- **What is being asked**
Make an exact copy, from the records below, of the lines from the line containing "Inside the ocean, painting, on" to the line containing "an image of", both lines included, excluding pictures.
-------- Data extract
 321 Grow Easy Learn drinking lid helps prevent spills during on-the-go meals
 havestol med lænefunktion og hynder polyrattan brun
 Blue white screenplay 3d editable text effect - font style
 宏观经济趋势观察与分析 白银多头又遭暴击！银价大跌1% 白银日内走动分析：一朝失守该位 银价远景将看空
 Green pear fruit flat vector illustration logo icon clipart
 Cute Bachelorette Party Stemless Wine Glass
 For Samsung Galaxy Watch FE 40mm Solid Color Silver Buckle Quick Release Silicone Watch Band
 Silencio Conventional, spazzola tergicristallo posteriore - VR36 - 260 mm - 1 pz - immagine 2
----------------
-------- Data extract
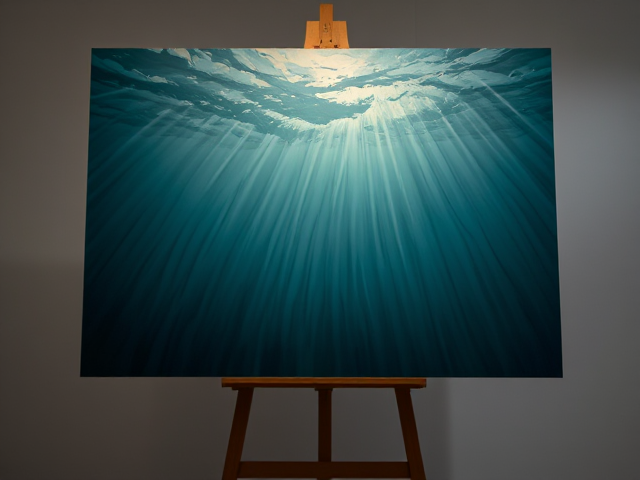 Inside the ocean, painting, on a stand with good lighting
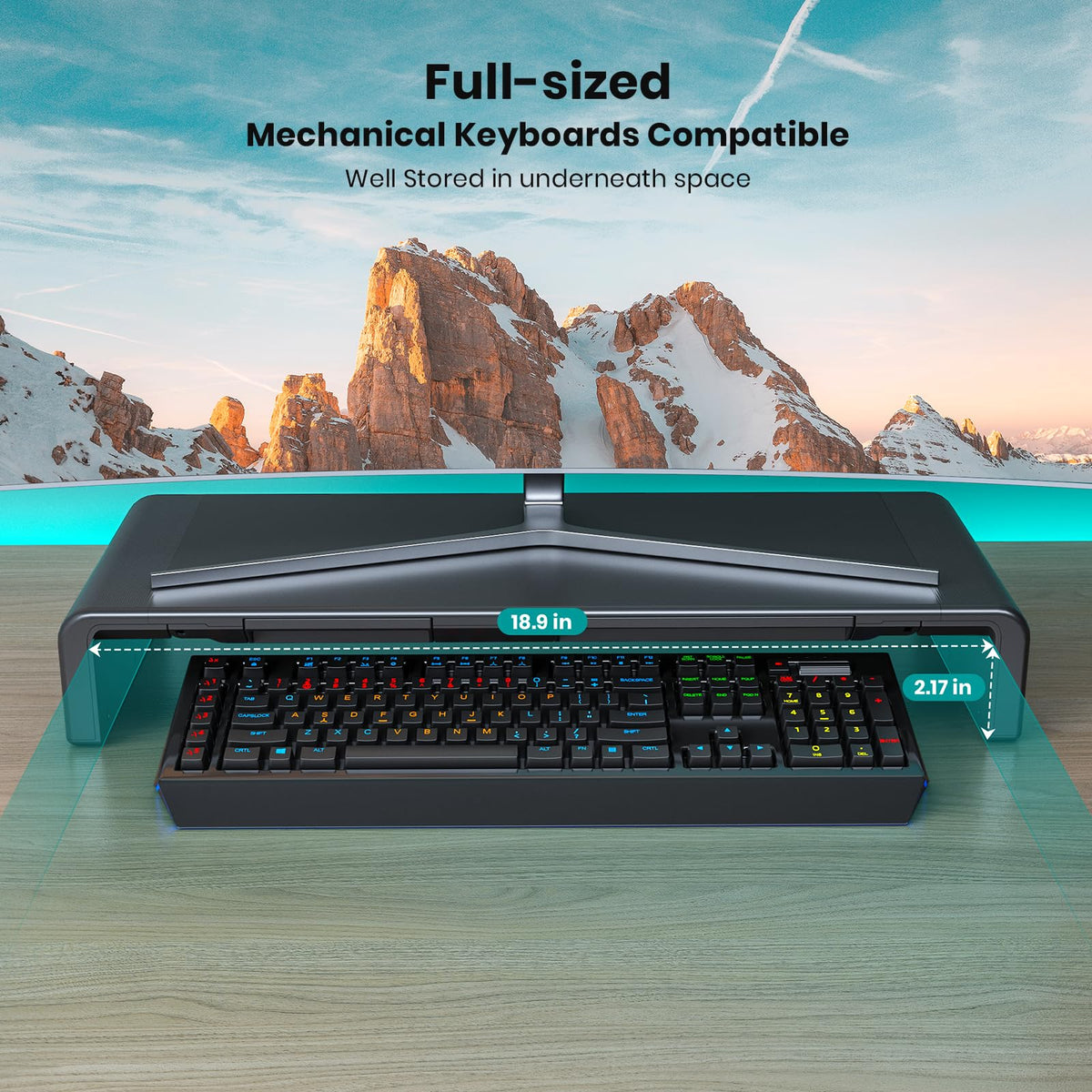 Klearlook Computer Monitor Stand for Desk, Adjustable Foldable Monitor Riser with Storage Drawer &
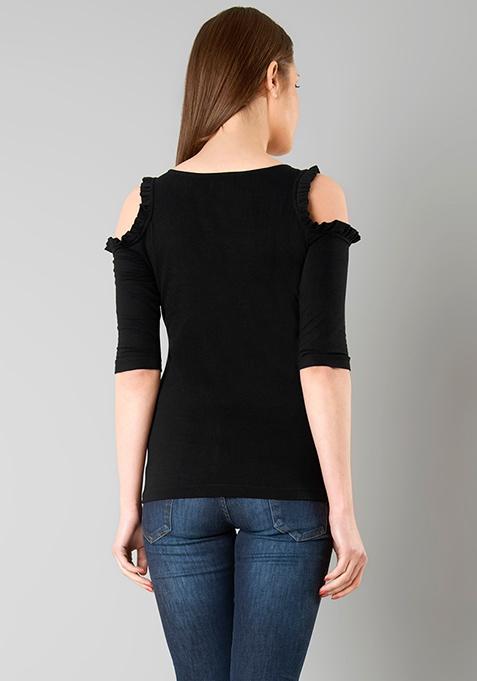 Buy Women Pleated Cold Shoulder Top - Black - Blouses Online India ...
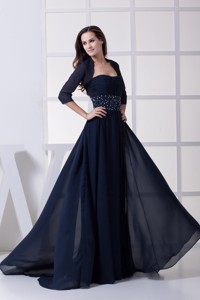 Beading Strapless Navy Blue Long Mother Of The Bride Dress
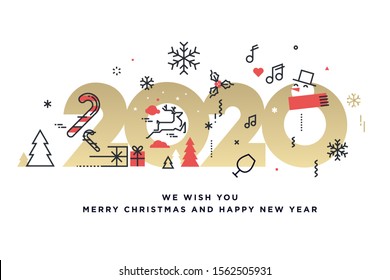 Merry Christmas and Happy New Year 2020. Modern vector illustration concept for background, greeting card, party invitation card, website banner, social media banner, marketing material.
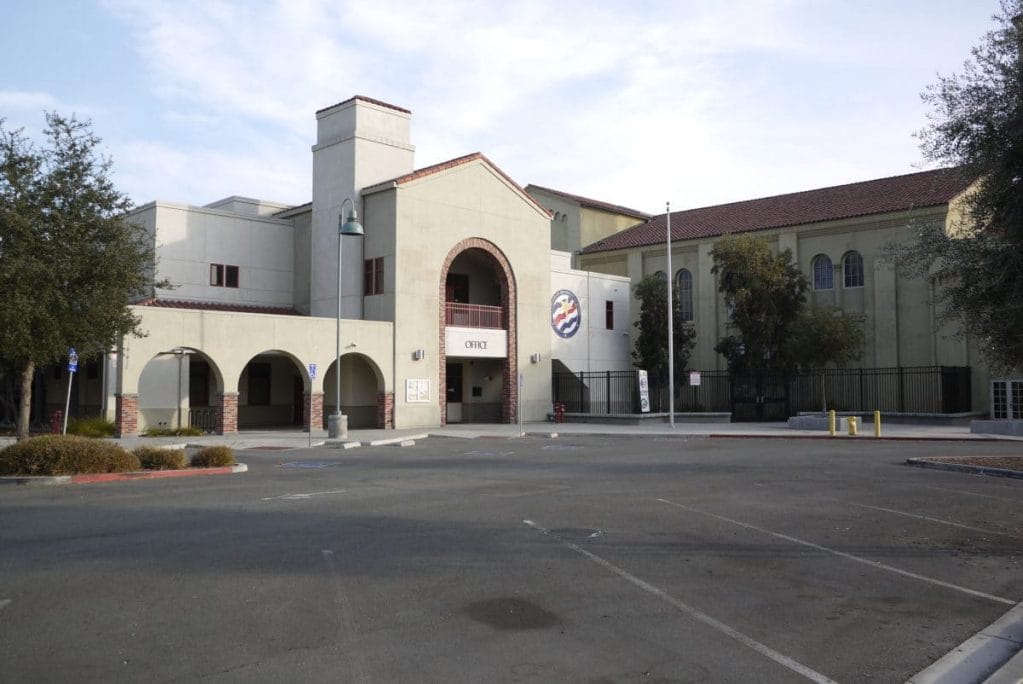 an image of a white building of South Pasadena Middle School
----------------
- **Solution to the exercise**
 Inside the ocean, painting, on a stand with good lighting
 Klearlook Computer Monitor Stand for Desk, Adjustable Foldable Monitor Riser with Storage Drawer &
 Buy Women Pleated Cold Shoulder Top - Black - Blouses Online India ...
 Beading Strapless Navy Blue Long Mother Of The Bride Dress
 Merry Christmas and Happy New Year 2020. Modern vector illustration concept for background, greeting card, party invitation card, website banner, social media banner, marketing material.
 an image of a white building of South Pasadena Middle School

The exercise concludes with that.